Personal information
- Full name: Ashanti Bush
- Born: 18 August 2002 (age 24) Wugularr, Northern Territory
- Original team: NT Thunder / Hawthorn FC (VFLW)
- Draft: No. 8, 2021 AFL Women's draft
- Height: 174 cm (5 ft 9 in)
- Position: Midfielder

Club information
- Current club: Gold Coast
- Number: 19

Playing career^{1}
- Years: Club / Games (Goals)
- 2022 (S6)–: Gold Coast / 10 (2)
- ^{1} Playing statistics correct to the end of the 2023 season.

Career highlights
- Goal of the Year: 2022 (S7);

= Ashanti Bush =

Ashanti Bush (born 18 August 2002) is a former Australian rules footballer who played for Gold Coast in the AFL Women's competition (AFLW).

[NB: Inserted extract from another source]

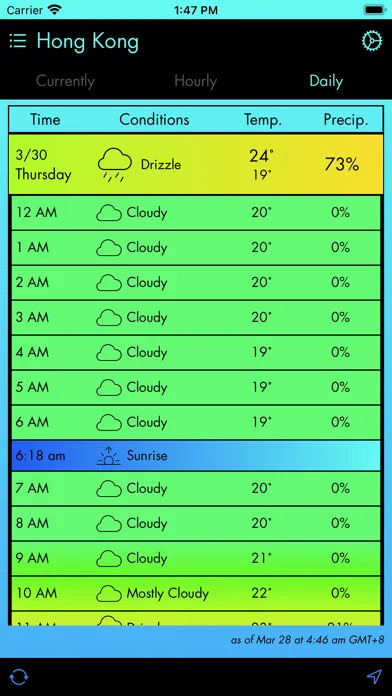 Capturas de tela do Currently - A Weather App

Bush was born and raised in Wugularr, Northern Territory of indigenous descent, from a Jawoyn (Bagala) regions descended from the Mayali, people and is from a family of Indigenous Australian artists. She attended primary school there before moving to Darwin to attend boarding school. Bush began playing Australian rules from a young age following her older sister and relative David Wirrpanda and Stephanie Williams, always aspiring to play AFLW. Proving a talent she joined the NT Thunder Academy and later moving to the Gold Coast to join the Gold Coast Suns Academy. To improve her chances of being drafted she followed a proven pathway moving to Melbourne to play games with Hawthorn Football Club’s VFLW team before being drafted by the Gold Coast Suns.

Bush was picked by the Gold Coast at number 8 in the 2021 AFL Women's draft. She debuted in 2022 (S6) and won the Goal of the Year in her second season for her Round 10 goal.